There is a rustling outside the theatre, and my thoughts are interrupted as I jump down from the stage and run to the house left door. I open the door, but don’t see anything in particular. As I close the door, I am taken back to A Christmas Carol. It was also a Project Shakespeare performance, and had just one show in the good old LHT. I had at least six little roles in that show, and at one point my character had to walk along the side, off the stage and up the center aisle. That was probably the resolving point in my extreme-stressed-out phase, and I truly felt that A Christmas Carol in the LHT was a blessing and a reward.

To try to escape my growing thoughts as they become more condescending, I hop back up on stage and wander to center stage right. I am instantly reminded of the Women of Lockerbie. This was the play that I had my first lead role, as a woman named Maddie Livingston who lost her son in the Pan Am 103 terrorist attack. I honestly cried more on that stage in rehearsals more than I had anywhere else from exploring feelings of grief, hopelessness and loss. I learned so much about myself as an actor, writer and thinker by participating in this show. I learned how much of a method actor I am, and I figured out healthier ways of getting into character and breaking character. I experienced and portrayed things a 16 year old girl should never know how to even feel, never mind share with an audience. Most of all, I learned how to take pride in my work and appreciate the effort I put into certain things. This play made me see certain aspects of my “outside” life in a different light. I figured out my priorities and discovered where my true loyalty was – in the arts programs. That was a lesson that I’m not sure I could have learned anywhere else as fast as I did. I also was blessed with another gift throughout the process of that show – a wonderful cast. In this play, I had the privilege to work with the best group of people I have ever done a show with. They were all hard working, excited and willing to put on a show that made everyone on the audience cry, reflect and think about their lives. In the end, every single cast and crew member of The Women of Lockerbie reached a new point in their experiences and high school careers – we all learned to never forget tragedy and to allow and help each other to heal in times of sorrow and hopelessness.

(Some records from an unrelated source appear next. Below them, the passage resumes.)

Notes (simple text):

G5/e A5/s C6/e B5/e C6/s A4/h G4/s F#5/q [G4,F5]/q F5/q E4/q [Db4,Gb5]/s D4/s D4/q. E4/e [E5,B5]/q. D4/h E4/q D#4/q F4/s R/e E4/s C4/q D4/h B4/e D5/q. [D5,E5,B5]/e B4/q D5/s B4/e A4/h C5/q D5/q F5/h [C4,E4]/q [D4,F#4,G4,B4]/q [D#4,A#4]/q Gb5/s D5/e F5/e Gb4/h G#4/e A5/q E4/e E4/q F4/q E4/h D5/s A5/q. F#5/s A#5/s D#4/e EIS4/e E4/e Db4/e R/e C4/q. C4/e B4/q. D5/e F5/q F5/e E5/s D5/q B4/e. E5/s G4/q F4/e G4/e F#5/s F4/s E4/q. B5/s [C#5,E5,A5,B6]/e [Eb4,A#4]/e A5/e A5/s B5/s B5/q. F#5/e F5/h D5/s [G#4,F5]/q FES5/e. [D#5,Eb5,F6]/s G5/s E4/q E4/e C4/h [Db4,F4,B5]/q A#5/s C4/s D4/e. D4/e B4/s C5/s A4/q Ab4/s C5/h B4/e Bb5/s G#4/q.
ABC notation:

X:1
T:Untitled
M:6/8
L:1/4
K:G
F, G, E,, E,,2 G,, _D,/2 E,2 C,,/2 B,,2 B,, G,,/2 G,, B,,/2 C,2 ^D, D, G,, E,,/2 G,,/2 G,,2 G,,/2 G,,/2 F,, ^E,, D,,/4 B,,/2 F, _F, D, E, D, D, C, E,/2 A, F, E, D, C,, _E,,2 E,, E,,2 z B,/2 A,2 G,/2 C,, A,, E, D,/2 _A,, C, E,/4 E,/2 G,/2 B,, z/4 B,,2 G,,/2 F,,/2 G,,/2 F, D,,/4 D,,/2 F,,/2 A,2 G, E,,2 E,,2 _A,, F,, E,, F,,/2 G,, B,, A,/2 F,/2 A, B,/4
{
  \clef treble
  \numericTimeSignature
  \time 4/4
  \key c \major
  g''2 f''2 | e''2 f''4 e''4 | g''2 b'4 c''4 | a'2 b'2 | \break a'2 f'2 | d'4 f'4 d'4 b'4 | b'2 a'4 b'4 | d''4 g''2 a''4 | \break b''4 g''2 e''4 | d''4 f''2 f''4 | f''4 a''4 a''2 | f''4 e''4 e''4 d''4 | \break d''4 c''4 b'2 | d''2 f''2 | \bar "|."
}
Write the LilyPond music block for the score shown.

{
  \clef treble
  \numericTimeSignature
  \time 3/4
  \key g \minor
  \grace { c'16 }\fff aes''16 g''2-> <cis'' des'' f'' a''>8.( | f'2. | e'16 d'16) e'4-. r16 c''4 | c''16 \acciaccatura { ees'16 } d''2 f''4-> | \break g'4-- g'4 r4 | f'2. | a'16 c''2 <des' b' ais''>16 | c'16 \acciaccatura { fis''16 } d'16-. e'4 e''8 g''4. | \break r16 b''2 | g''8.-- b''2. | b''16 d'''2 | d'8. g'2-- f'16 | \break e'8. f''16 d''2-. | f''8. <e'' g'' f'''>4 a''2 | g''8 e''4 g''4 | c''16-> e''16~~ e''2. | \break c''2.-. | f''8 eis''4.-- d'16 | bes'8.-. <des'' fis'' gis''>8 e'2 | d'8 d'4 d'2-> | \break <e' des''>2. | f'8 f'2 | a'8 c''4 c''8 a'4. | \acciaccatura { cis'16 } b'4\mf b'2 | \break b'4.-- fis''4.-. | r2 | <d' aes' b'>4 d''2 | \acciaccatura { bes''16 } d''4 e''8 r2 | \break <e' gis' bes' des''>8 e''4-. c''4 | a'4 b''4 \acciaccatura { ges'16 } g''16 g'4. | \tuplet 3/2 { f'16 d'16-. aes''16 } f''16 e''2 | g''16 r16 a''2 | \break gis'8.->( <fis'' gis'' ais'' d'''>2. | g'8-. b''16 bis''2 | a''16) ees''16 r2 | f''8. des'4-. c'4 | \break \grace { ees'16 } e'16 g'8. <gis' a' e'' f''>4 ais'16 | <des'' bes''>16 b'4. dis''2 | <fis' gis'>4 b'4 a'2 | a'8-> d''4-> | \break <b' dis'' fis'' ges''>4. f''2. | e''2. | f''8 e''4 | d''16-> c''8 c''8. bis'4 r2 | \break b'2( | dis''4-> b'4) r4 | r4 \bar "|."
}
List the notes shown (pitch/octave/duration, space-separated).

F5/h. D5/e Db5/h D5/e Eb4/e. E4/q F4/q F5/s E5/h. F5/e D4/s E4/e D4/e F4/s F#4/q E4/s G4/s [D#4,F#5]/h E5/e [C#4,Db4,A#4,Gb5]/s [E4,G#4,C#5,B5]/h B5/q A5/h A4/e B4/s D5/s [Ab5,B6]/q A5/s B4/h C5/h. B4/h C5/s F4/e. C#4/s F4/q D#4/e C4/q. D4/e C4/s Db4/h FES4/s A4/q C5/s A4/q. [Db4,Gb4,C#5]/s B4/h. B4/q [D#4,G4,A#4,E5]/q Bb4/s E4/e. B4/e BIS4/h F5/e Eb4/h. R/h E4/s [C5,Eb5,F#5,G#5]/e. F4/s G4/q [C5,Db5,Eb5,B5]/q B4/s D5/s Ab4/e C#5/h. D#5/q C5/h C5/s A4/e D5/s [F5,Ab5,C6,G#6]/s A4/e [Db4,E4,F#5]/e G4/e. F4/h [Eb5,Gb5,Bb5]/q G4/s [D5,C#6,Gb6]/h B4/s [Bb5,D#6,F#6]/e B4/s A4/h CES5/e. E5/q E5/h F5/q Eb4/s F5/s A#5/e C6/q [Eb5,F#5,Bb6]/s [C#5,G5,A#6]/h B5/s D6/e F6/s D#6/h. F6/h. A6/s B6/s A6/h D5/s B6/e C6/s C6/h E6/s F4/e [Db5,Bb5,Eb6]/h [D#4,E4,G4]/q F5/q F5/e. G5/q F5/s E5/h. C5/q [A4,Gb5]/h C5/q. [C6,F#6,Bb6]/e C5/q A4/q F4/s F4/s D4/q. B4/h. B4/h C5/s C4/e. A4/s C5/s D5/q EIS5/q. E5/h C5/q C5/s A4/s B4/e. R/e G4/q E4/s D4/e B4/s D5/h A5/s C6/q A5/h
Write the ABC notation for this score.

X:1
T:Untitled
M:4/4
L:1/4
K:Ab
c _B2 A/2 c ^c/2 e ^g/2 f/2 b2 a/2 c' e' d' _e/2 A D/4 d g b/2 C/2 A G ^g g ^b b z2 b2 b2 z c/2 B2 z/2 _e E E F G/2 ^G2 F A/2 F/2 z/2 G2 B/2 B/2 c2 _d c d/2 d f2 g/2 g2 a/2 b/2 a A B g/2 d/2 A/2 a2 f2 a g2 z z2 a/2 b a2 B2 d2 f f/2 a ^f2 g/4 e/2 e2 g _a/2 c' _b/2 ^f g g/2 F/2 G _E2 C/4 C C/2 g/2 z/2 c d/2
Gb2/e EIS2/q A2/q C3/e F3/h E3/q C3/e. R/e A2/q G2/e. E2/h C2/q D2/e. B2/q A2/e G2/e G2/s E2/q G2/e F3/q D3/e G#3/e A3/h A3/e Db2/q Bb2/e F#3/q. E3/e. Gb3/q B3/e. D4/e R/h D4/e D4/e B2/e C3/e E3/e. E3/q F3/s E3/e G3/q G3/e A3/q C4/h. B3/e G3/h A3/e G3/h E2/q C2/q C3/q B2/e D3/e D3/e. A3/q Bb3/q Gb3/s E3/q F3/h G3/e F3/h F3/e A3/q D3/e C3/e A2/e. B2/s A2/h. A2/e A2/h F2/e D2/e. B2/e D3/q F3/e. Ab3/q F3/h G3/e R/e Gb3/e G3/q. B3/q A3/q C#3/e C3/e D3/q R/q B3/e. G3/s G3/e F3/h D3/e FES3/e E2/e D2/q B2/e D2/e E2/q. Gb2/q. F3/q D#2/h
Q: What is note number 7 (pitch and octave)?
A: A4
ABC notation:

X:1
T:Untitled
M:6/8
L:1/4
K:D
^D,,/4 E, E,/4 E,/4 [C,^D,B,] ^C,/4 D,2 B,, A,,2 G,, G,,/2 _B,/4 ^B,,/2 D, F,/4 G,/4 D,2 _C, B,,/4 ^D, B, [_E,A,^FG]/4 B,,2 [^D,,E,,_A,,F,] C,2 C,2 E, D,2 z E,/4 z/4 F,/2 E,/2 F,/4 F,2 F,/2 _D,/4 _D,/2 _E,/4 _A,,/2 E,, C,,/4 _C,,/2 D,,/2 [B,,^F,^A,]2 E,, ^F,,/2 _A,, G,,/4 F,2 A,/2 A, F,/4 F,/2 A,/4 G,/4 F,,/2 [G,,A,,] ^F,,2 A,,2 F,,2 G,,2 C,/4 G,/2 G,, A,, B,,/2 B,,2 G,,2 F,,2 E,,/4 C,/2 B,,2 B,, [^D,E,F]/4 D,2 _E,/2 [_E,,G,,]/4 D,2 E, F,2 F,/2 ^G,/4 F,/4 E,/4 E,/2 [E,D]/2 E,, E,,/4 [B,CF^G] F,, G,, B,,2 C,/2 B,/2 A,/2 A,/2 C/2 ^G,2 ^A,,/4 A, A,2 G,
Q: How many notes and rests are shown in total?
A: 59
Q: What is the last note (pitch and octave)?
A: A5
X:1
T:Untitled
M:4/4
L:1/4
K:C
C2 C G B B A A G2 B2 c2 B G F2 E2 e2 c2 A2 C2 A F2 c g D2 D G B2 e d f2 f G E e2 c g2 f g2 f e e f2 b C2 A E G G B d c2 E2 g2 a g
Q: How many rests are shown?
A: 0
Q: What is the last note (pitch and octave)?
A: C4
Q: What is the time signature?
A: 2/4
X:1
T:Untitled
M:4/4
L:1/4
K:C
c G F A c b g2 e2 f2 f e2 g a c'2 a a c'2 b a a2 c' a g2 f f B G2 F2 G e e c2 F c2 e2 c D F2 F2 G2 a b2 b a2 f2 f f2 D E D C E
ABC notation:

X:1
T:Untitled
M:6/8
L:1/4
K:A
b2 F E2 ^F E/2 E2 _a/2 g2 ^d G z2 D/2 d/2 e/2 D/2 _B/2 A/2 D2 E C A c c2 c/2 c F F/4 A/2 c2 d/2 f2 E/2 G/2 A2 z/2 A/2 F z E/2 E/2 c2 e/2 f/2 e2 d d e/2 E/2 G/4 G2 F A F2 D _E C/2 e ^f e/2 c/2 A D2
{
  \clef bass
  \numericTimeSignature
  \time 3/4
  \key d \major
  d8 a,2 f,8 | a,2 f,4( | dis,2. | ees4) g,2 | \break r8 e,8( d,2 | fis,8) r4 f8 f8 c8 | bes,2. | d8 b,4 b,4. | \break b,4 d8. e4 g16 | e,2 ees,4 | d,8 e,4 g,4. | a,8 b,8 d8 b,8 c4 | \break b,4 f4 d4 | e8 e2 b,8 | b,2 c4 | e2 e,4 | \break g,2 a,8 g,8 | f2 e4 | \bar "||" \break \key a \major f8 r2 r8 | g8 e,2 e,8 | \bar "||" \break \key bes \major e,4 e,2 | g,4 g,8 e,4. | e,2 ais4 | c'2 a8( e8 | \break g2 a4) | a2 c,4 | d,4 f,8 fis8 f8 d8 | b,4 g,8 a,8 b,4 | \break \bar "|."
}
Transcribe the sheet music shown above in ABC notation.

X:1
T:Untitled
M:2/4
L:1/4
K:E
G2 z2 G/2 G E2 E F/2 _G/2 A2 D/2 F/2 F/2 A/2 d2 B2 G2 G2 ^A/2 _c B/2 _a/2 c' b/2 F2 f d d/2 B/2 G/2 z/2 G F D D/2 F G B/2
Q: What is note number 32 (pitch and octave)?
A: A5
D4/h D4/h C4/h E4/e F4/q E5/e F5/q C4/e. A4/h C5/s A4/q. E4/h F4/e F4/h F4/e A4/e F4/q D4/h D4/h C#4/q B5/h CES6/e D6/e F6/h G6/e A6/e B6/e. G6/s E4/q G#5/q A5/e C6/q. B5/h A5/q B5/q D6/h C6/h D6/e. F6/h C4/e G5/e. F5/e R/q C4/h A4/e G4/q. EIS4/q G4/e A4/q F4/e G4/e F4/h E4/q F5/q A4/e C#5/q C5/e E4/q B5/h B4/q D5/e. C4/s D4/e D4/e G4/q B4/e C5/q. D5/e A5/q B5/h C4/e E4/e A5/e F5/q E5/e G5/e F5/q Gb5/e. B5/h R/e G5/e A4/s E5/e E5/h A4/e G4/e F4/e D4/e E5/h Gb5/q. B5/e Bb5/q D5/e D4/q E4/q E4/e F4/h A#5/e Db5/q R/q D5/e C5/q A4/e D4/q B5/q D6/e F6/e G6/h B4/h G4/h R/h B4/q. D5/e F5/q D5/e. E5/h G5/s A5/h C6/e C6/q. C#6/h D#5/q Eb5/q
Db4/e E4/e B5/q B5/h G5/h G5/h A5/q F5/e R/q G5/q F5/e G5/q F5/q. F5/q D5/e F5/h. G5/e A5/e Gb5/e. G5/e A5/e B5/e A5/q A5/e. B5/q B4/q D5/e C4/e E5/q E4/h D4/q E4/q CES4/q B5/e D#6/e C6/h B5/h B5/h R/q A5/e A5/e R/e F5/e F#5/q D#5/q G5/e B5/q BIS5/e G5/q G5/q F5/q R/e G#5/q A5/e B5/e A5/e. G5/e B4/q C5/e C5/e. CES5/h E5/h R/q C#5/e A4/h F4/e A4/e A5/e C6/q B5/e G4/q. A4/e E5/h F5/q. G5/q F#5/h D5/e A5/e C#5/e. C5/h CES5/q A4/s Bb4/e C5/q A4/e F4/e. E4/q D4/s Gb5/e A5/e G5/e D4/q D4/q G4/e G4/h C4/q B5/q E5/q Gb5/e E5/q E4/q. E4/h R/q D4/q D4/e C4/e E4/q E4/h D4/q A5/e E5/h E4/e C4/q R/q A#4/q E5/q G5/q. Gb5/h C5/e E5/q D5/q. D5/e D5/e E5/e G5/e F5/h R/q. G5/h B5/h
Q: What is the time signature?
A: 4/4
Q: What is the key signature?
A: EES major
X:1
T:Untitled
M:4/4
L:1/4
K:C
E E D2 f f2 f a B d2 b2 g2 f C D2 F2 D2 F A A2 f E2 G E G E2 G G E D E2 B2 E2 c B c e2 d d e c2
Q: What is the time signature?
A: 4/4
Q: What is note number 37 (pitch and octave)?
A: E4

I reflect once again on the power of the LHT. I can simply walk around this theatre and be transported to different places and time periods in my life by the memories. These four walls (even though they are covered in plastic wood paneling) contain a large amount of my life, and I can physically see my maturation points through the shows I have participated in. I have cried, slept, thrown temper tantrums, ran, injured myself, injured others, painted, kicked, screamed, laughed, raged, panted, fell, rolled, fought, lifted heavy things, sang, danced, talked, built and (of course) acted my way through my high school career so far in that theatre. I have learned more about life and myself than I could have pretty much anywhere else. I now understand why people paint their names in the tech closets and stay after school until their rehearsals. And as Ben, the student technical director, turns on the lights and says, “Heeeyyy, ready for rehearsal?” in his usual upbeat tone, I smile and appreciate how lucky I am to have such a wonderful theatre holding my life in it. As a senior who participated in the ConVal Drama program last year said, “Love the LHT, and she will love you back.” And I do. All of us ConVal theatre kids do.